**GIVEN MATERIAL**.

------------------------

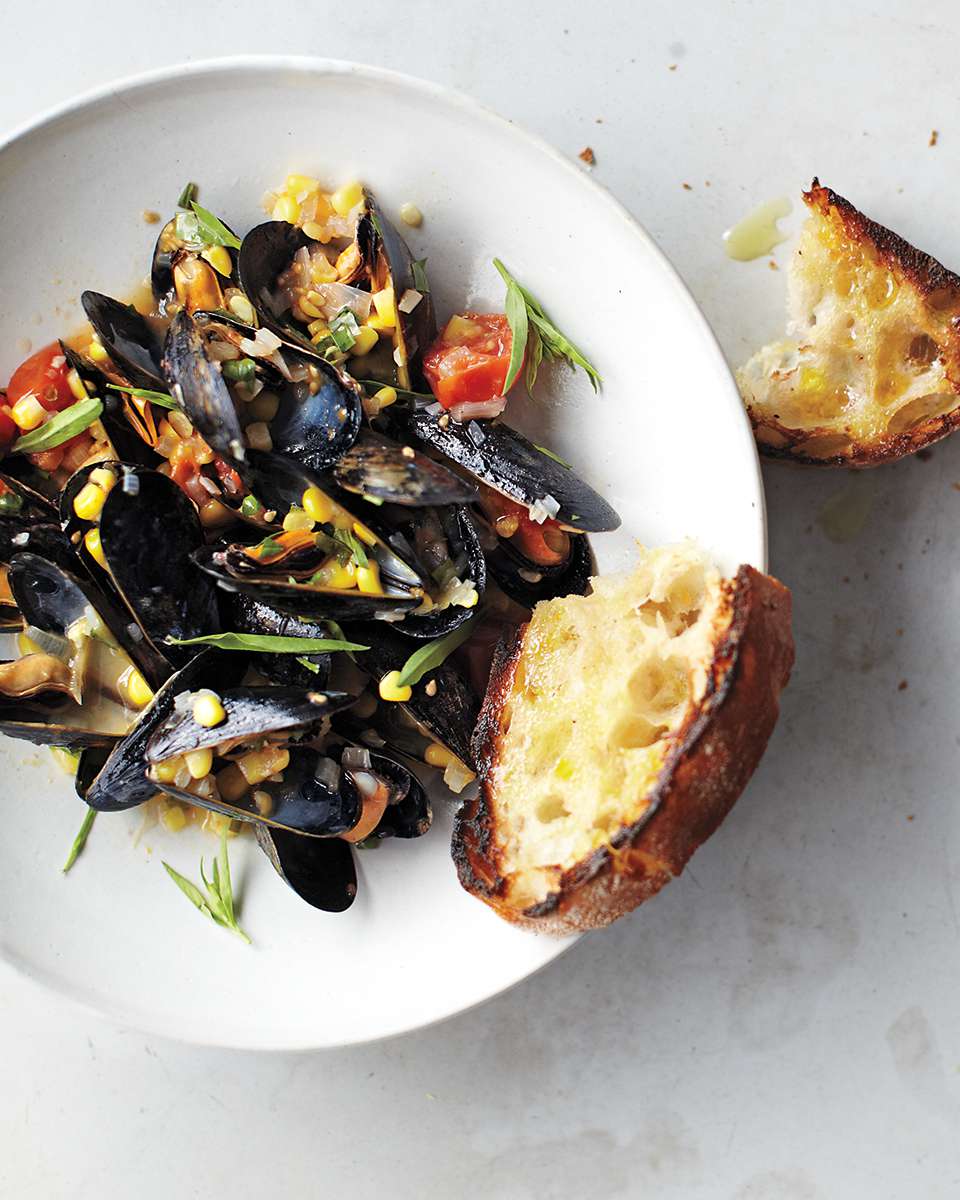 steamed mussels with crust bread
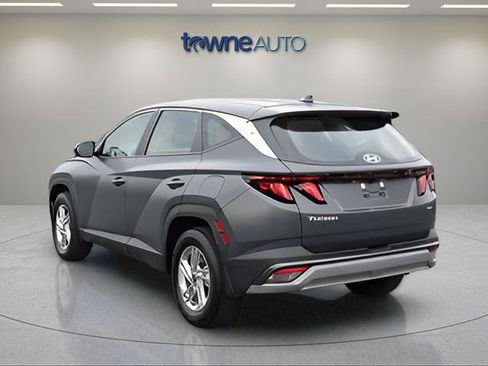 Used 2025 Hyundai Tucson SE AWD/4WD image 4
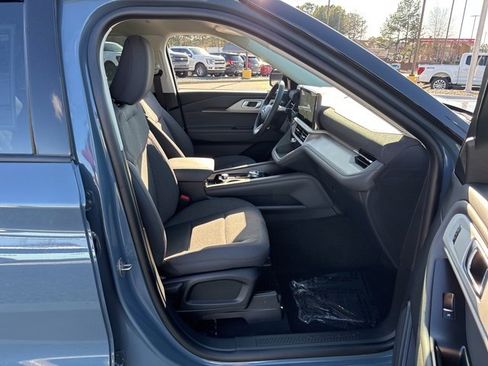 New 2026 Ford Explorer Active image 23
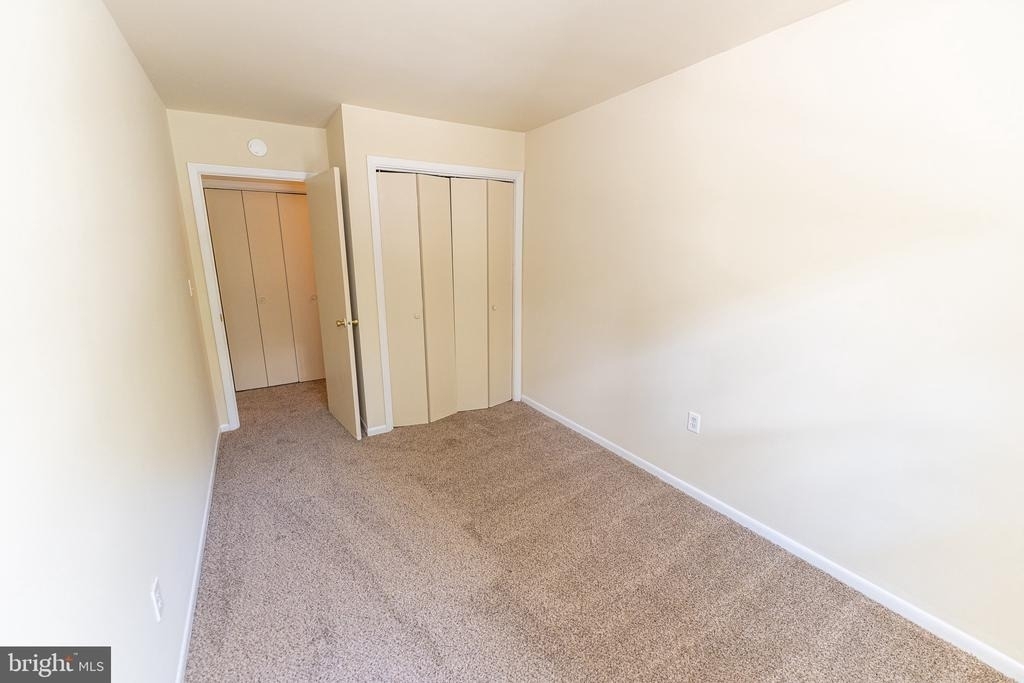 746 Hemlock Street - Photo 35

------------------------

**INSTRUCTIONS FOR THE TASK**. Without the pictures, write out the whole listing above exactly as it appears.

**TASK SOLUTION**.
 steamed mussels with crust bread
 Used 2025 Hyundai Tucson SE AWD/4WD image 4
 New 2026 Ford Explorer Active image 23
 746 Hemlock Street - Photo 35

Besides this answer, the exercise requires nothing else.